Noe 0: The explanation above is not quite right. Due to how you choose to calculate the hits and regrowth hits before regrowth. We really need to hit the Hydra until it is one hit away from death. Note 1: that the switch minimize in the code below attempts to find the shortest or fastest way to kill the Hydra.
If you only any solution set this boolean to false. Note: 2: the code below is merely a suggestion. There are several improvements that could and should be made to the code below. Such as, but not limited to. Adding PEP typing hints. The recurse solution would also benefit from adding restrictions from the general solution.
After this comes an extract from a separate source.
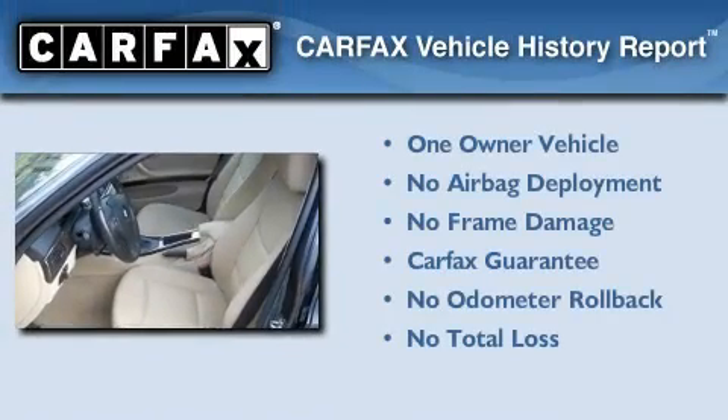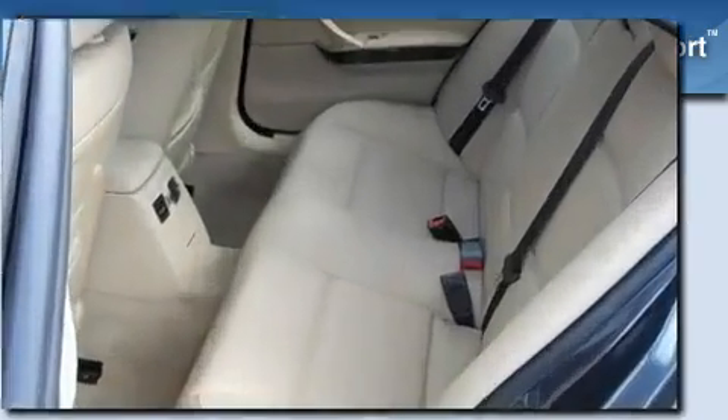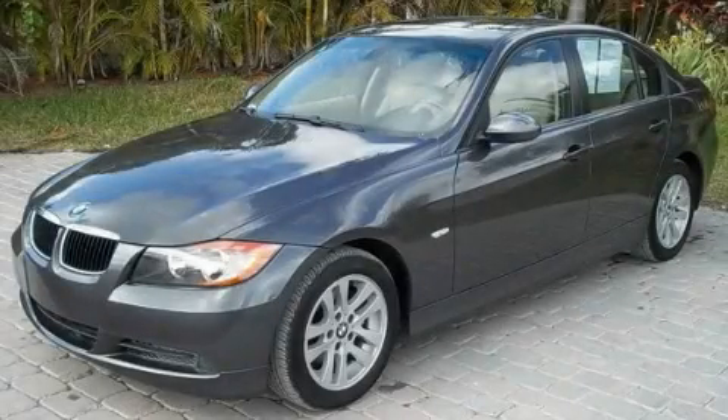This BMW has had only one owner and it qualifies for the Carfax Buyback Guarantee. This vehicle won't last long at this price. Call and arrange a test drive now.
As an example we have. For the first hydra. This could make the looping faster. Sign up to join this community. The best answers are voted up and rise to the top. Stack Overflow for Teams — Collaborate and share knowledge with a private group. Create a free Team What is Teams? Learn more. Killing a hydra Ask Question. Asked 8 months ago. Active 8 months ago. Viewed times. Improve this question. If the hydra has 20 heads can you cut off 26?
Add a comment. Active Oldest Votes. You have many inconsistencies in your code that suggests you are not using any type of autoformater for your code. This is strongly suggested. I like to use black , but there are many other variants. Structure your code using functions Remove unused imports using imports. Time only the relevant parts. Suggestion 1 [We only want to know if the Hydra can be killed!
The hydra can be killed in one hit, if its heads is in hits Then we just have to iterate over all possible hit values and return the first one that matches. Suggestion 3 [Mathematics] We could also have used mathematics to obtain the results, this is somewhat fast for very large inputs.
Hercules killing the Hydra of Lerna / Херкулес убива хидрата от Лерна. Done. Comment. 1, views. 0 faves. 0 comments. Taken on April 3, You are facing a nine-headed hydra. Your flaming longsword cuts five heads in each swipe (no more, no less), which will kill a five-headed hydra, but a larger. Wait a few seconds after fight starts, dodge fire in the mean time. Turn the winter orb on. Then kill the other heads, then kill blue head.